# Corsets, Side saddle, and jousting, oh my!



## Copperhead (Jun 27, 2012)

I did ring jousting as a kid at horse camp. It was a ton of fun! I guess there was an official club for it in my area back then. I haven't checked it in about 15 years so I don't know if its still around.

As for sidesaddle, I don't know anyone who rides it. I've never heard of someone who was teaching it, but that doesn't mean it isn't out there!


----------



## DancingArabian (Jul 15, 2011)

Hm.
I wouldn't recommend wearing a proper corset and riding. Proper corsets are going to be uncomfortable because of how tight they're cinched up and you won't be able to move properly with the horse because your torso will be locked into place. Maybe a loose corset or a bodice with a corset belt would be fine though. Renaissance festivals usually have corsetmakers with a good selection of pre-made ones and will let you try them on.

Love the notion of sidesaddle but can't afford the saddle or lessons right now but it's definitely on the wish list.

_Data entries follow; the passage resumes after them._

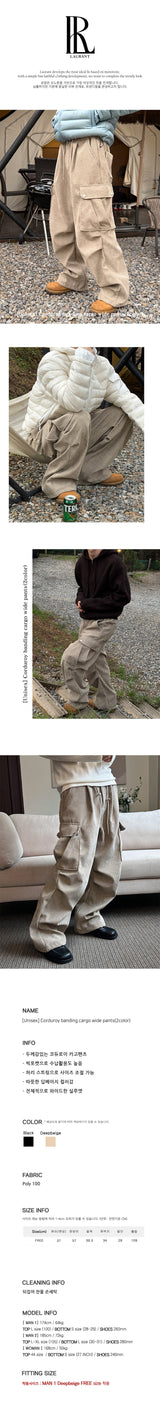 [Unisex] コーデュロイバンディングカーゴワイドパンツ(2color)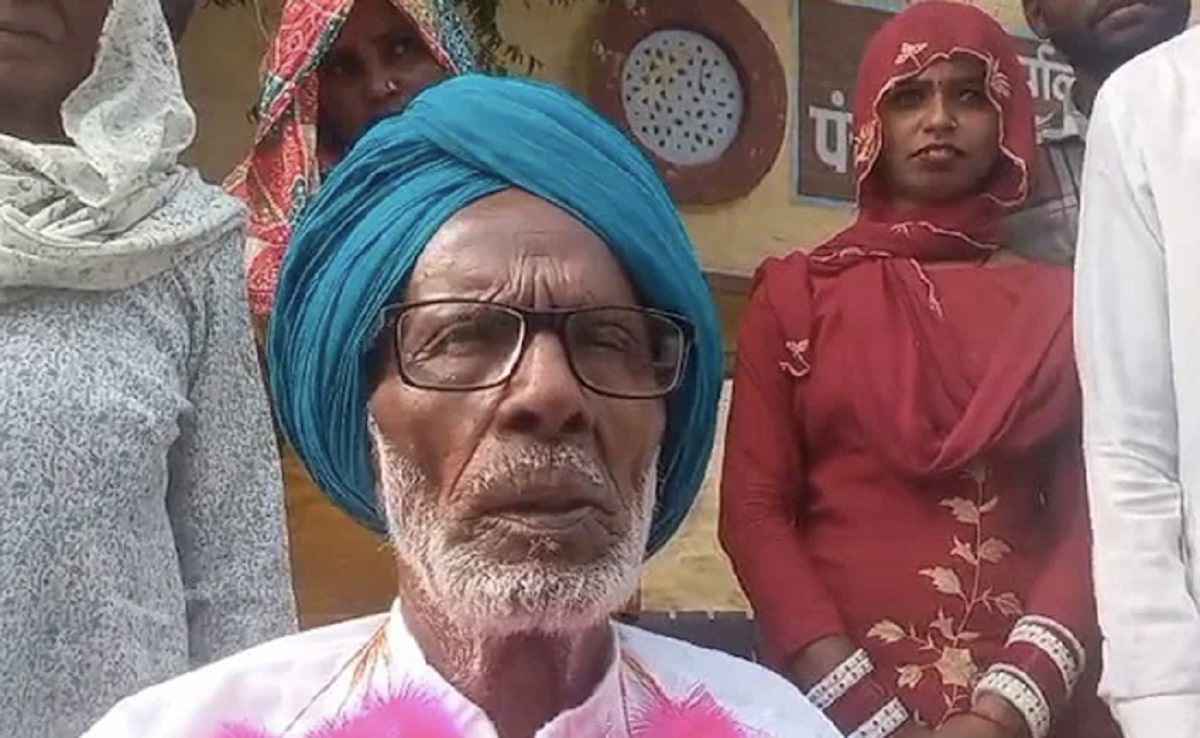 titar singh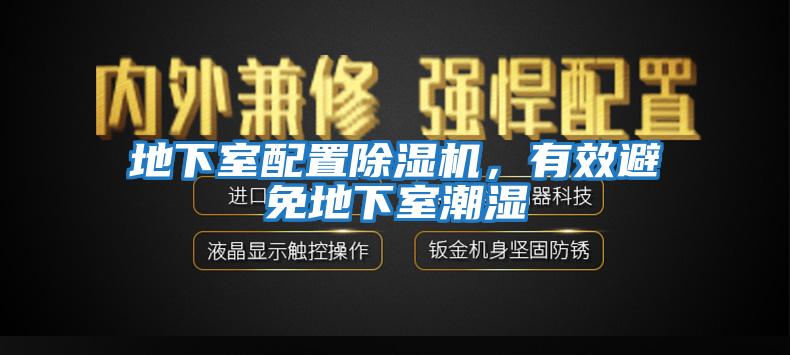 地下室配置除濕機，有效避免地下室潮濕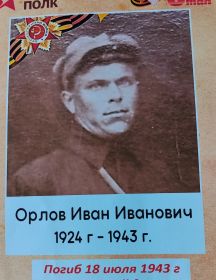 Орлов Иван Иванович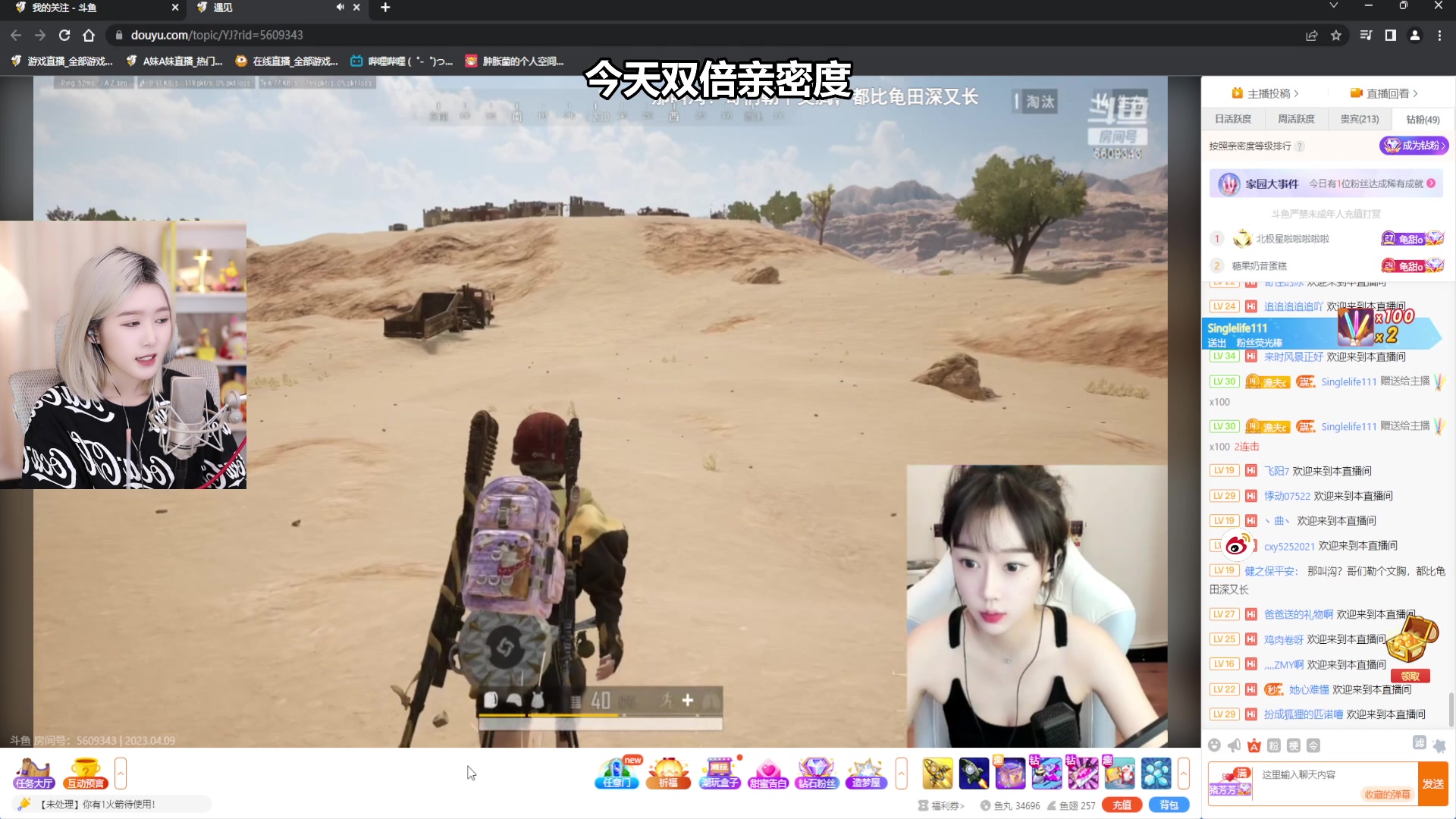 【2023-04-09 19点场】A妹A妹：【呆猪】新人主播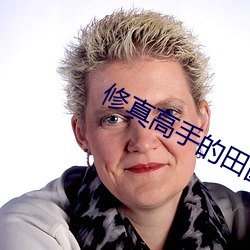 修(修)真(真)高手的田园生(生)活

I think ring jousting is also called tent pegging. The term isn't entirely accurate because it names both tent pegging the game (picking up things from the ground on horseback) and the event (which includes all the typical knightly mounted games including ring jousting).
_Posted via Mobile Device_


----------



## smokeslastspot (Jan 11, 2012)

I used to do medieval reenactment on horseback so I have some experience with spearing rings. I actually have a setup for it in my barn that I will get to use soon when my 3 yo gets back from the trainers. My rings vary from four inches in diameter to a half inch. Throwing javelins at targets is a lot of fun too if your horse is used to things being thrown off it. Using a fake sword to "behead" manikins can be a lot of fun as well as tilting at a quintain. Making your own quintain can be a challenge though unless you have someone handy with tools in the family. 

I have never heard of tent pegging but it may be what I have always referred to as pig sticking where you ride by an object and spear it, picking up the object on the end of the spear. It can be challenging at speed. I use a long wooden pole with a frog gig on the end and for targets use paper plates. If you try this you must be sure of your horse though, riding around with sharp objects can be very risky especially on a horse not accustomed to it. Practice for this can be in the form of spearing/picking up trash off the roadside.

If you really want to wear a corset while riding I recommend you get one custom made for that purpose or you will most likely be very uncomfortable. If you want more info about medieval related horsemanship and/or garb I would recommend you contact your local sca branch. I believe you would be in the Calonir area of the sca. Here is a link to their site. Kingdom of Calontir


----------



## Joidigm (May 8, 2012)

I have an underbust corset that I would wear for me (not for costume or anything). I have yet to try riding in it, although the thought has occurred to me to try it out. It has a full metal busk and 26 pieces of steel, which makes it incredibly supportive and durable (it really is a proper corset, which I had a pain in the **** of a time finding until I went to a convention). I don't know the effects of riding in it.

One of the ladies at my barn used to side saddle American Saddlebreds before she moved to my barn. She still owns a Saddlebred, but no longer side saddles. I've had the vague interest to try it out, but I don't know if I will.


----------



## Country Woman (Dec 14, 2011)

never wore a corset or rode side saddle


----------



## Blue (Sep 4, 2011)

I have done a little "ring jousting" I'm in the process of getting involved in EXCA (Extreme Cowboy Association) events. Started by Craig Cameron and we're trying to get a good following started here in Arizona. Anyway... that's one of the event obstacles and it's FUN! I'm not very good at it, but the practice is fun anyway! 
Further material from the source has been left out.